Monday, March 28, 2011

Doesn't it make you mad to hear that Borders wants to pay $8.3 million in bonuses to the same executives that got it into trouble?

I know it makes me mad.

The Wall Street Journal reported on Saturday that Borders "is seeking bankruptcy court approval to hand out as much as $8.3 million in executive bonuses, including nearly $1.7 million to President Mike Edwards."

Who will get the bonuses? "A number of key members of the management team have been put in place or in their positions within the last year. This management team has been fully focused on repositioning Borders to have the potential to be successful for the long term," said company spokeswoman Mary Davis.

According to the WSJ "Seventeen top executives are covered by the largest program, which could add as much as $7.1 million to the pay packets of leaders who stick with the company in bankruptcy. Court papers say 70% of the group have been with the company less than 18 months, and many joined Borders less than a year ago. A second $1.2 million bonus program covers 25 "director-level" managers "critical to the debtors' reorganization and to ongoing business," court papers say"

Makes sense? Not to me. Why should the same executives who brought Borders to bankruptcy get rewarded? I understand that the executives play an important role in the recovery of Borders, but didn't they also play an important role in its failure?

What's the incentive to succeed when you get your bonus anyway? And does it seem appropriate to these executives to receive these bonuses while more than 200 stores are closed and so many employees at Borders are losing now their jobs?

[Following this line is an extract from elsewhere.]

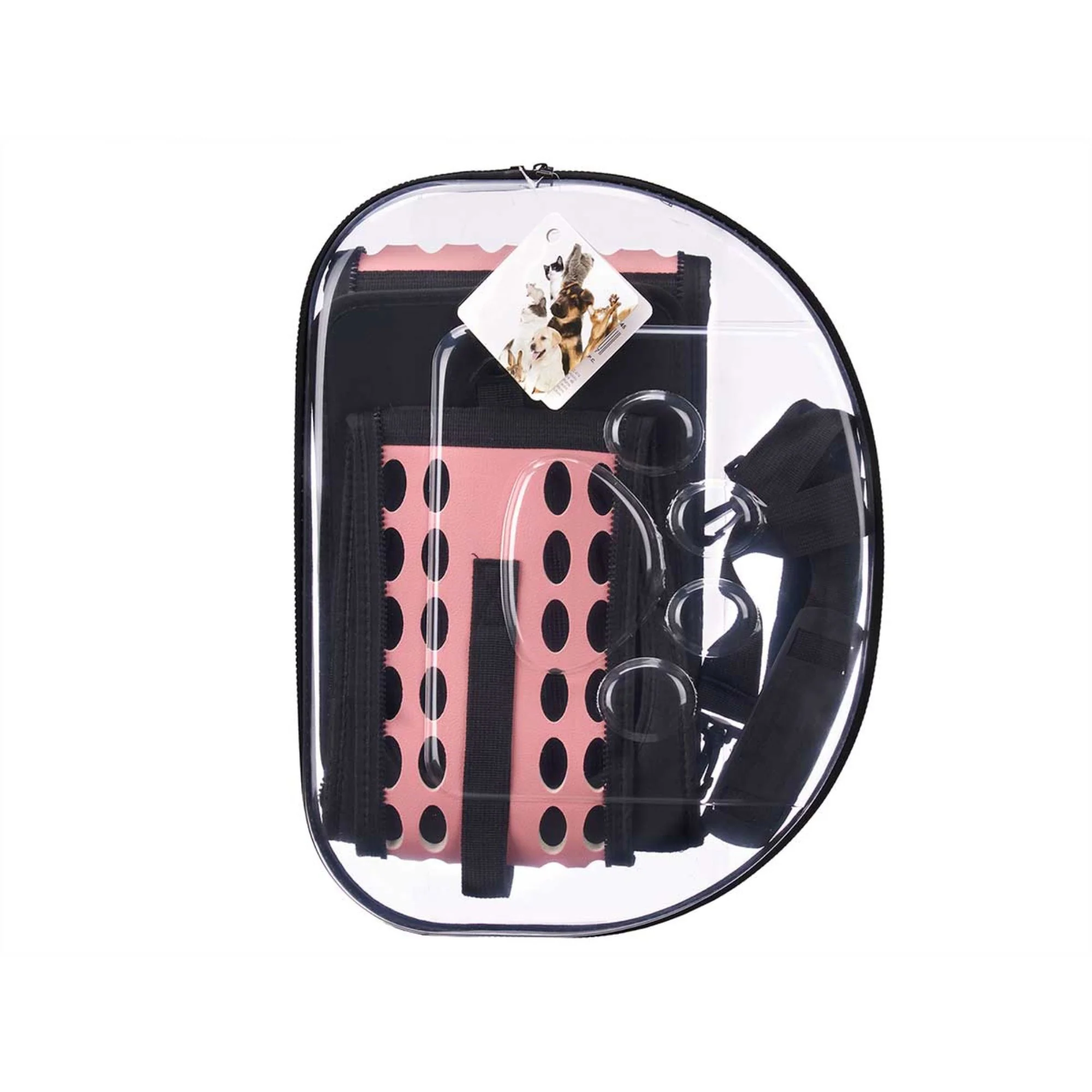 Well Home - Transportín Grande Plegable Para Mascotas 43x4x33cm Color Rosa - Image 5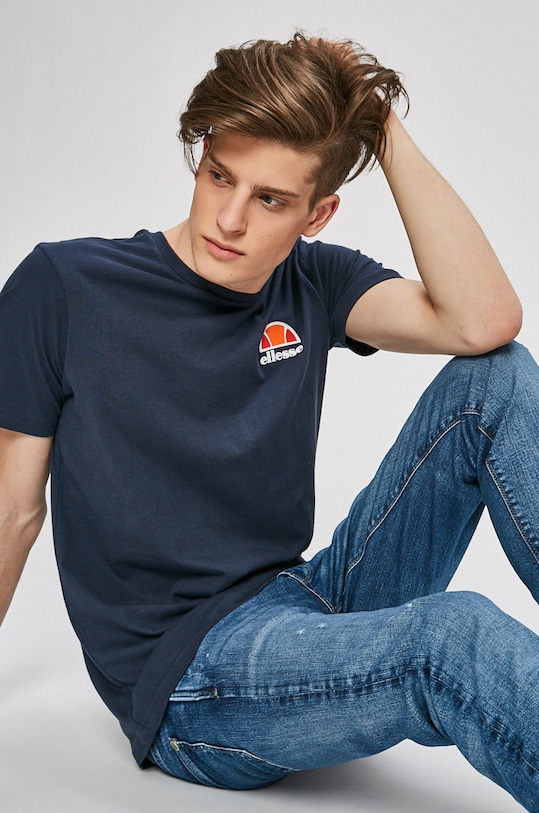 Ellesse - Pánske tričko melanž tmavomodrá shs04548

On, Industry analysts Michael Norris is quoted saying that "retaining key staff members was an important goal. Concerning bonus pay, "If it keeps their best people from heading to the exits, a retention bonus is a great idea," Norris said."

Well, I have to say to Norris that if these are the best people Borders have they're in trouble. And second, maybe these executives will stay, but what about all the customers that won't think it's such a great idea and will prefer to buy in bookstores where fairness and sensibility play a greater role??

What do you think? I'll be happy to hear your thoughts.

You can find more news and updates on the future of Borders following their bankruptcy at

Raz @ Eco-Libris

Eco-Libris: Promoting sustainable reading!

1 comment:

The Wayward Garden said...

I think this should make us mad, but we're just too apathetic. Call me cynical, but I think it's obvious that this an all too typical business model: take what you can from a company and then leave it on the trash heap. Anger is kind of futile, there are no laws preventing such acts and even the Board of Directors and stockholders are not going to protest. I'm not up on bankruptcy law, but it does make one wonder how they can declare bankruptcy with $8.3 million to spare. It reminds of folks who take the family to Hawaii before declaring personal bankruptcy, an accepted behvaior in some circles. Got to get "yours" while you can, right?